### DATA EXTRACTS ###
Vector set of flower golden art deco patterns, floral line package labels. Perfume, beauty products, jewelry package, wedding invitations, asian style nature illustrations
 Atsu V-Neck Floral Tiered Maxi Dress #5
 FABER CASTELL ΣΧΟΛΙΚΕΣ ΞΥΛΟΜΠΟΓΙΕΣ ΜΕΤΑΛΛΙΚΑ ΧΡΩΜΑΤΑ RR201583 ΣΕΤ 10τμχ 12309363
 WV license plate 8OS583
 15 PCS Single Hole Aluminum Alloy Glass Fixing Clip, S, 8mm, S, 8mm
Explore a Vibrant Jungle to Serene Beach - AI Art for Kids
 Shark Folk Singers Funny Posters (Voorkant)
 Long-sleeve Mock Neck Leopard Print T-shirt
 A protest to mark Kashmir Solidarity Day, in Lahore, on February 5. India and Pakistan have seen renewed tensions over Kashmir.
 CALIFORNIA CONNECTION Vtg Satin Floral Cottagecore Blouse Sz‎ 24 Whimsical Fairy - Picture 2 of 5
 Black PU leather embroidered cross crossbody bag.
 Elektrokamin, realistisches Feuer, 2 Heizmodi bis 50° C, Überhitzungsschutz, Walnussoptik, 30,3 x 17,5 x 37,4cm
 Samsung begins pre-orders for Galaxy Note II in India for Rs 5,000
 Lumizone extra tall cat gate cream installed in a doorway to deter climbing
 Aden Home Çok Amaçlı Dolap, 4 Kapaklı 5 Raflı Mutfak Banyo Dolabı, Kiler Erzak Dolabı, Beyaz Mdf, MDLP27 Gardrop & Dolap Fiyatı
###
- _TASK_:
Output only the lines from the one that contains "Explore a Vibrant" through the last line of the data above, each restated exactly.

- _FINISHED EXERCISE_:
Explore a Vibrant Jungle to Serene Beach - AI Art for Kids
 Shark Folk Singers Funny Posters (Voorkant)
 Long-sleeve Mock Neck Leopard Print T-shirt
 A protest to mark Kashmir Solidarity Day, in Lahore, on February 5. India and Pakistan have seen renewed tensions over Kashmir.
 CALIFORNIA CONNECTION Vtg Satin Floral Cottagecore Blouse Sz‎ 24 Whimsical Fairy - Picture 2 of 5
 Black PU leather embroidered cross crossbody bag.
 Elektrokamin, realistisches Feuer, 2 Heizmodi bis 50° C, Überhitzungsschutz, Walnussoptik, 30,3 x 17,5 x 37,4cm
 Samsung begins pre-orders for Galaxy Note II in India for Rs 5,000
 Lumizone extra tall cat gate cream installed in a doorway to deter climbing
 Aden Home Çok Amaçlı Dolap, 4 Kapaklı 5 Raflı Mutfak Banyo Dolabı, Kiler Erzak Dolabı, Beyaz Mdf, MDLP27 Gardrop & Dolap Fiyatı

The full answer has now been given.